Tip for a happy life: when you get home after shopping at bricks-and-mortar stores, never check the online prices for what you’ve just bought.

Last Christmas we were given a gift voucher valid at a chain of stores in the UK, and thought it was time we spent it, so took a trip to our local city centre. One of us wanted Harry Potter and the Order of the Phoenix on DVD (£19.95) but in the end we settled on a XBox 360 game (Rayman Raving Rabbids – it’s not for me!) at £25.00.

Glanced at Amazon when we got back. The Potter film is £5.98 new or £4.25 used. The 360 game is £19.99 new or £9.99 “Like new”.

Our gift voucher has been spent mostly on propping up businesses that cannot compete with their online competition. Further, if we’d read the Amazon user reviews, we might have chosen a different game.

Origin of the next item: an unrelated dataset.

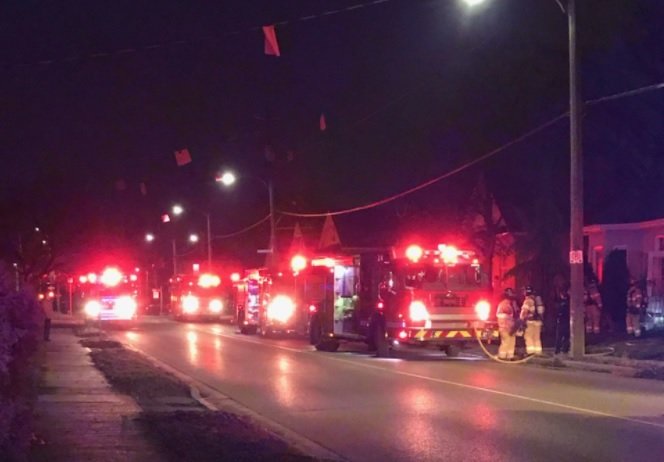 ‘Improperly discarded cigarette’ to blame for Monday morning structure fire: London Fire Department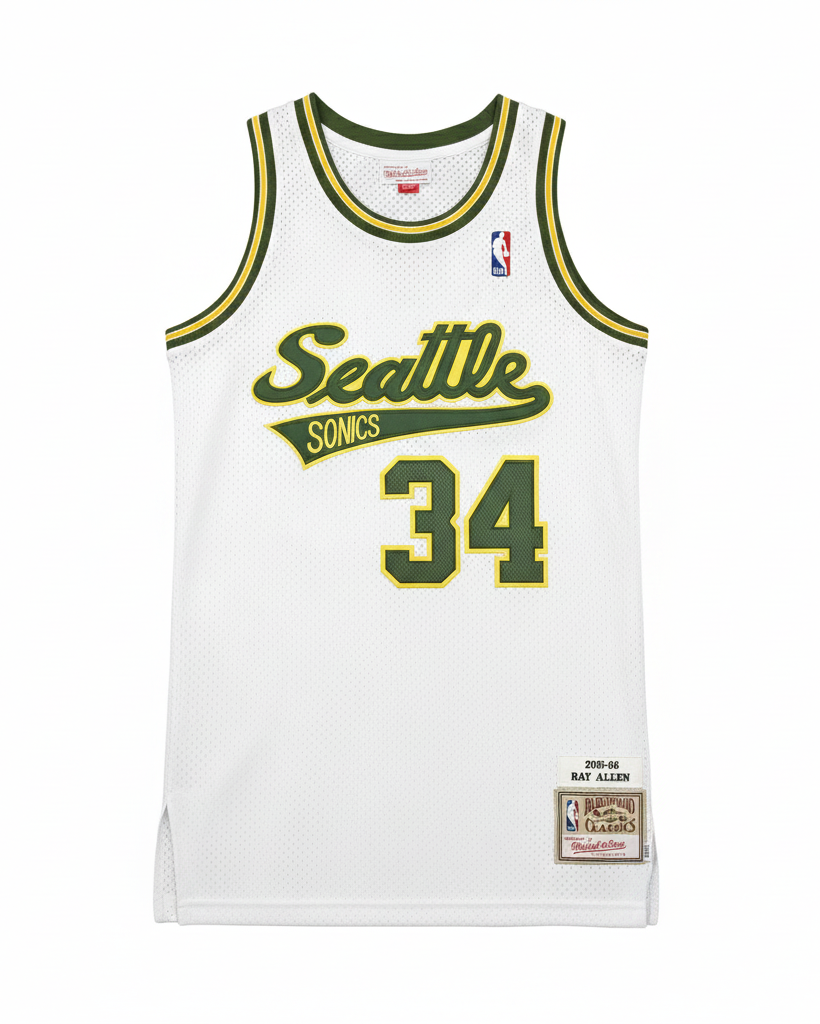 05/06 NBA Seattle Supersonics Mitchell & Ness - Ray Allen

There are whole categories of goods where buying on the High Street is now hugely more expensive – and that’s without taking into account the travel and the hassle. I don’t mind paying a little more for the sake of supporting local shops and the community they provide, but these price differences are not sustainable.

How about the expert advice you get from a real shop, in specialist areas like electronics, computing, household goods? Frankly, and unless you are very lucky, the expertise readily available from user reviews or Google far exceeds what you are likely to receive out in town on a Saturday afternoon.

Retailing in the UK is shaky anyway, on account of tough economic conditions. I guess the online factor will accelerate the changes coming to our High Streets.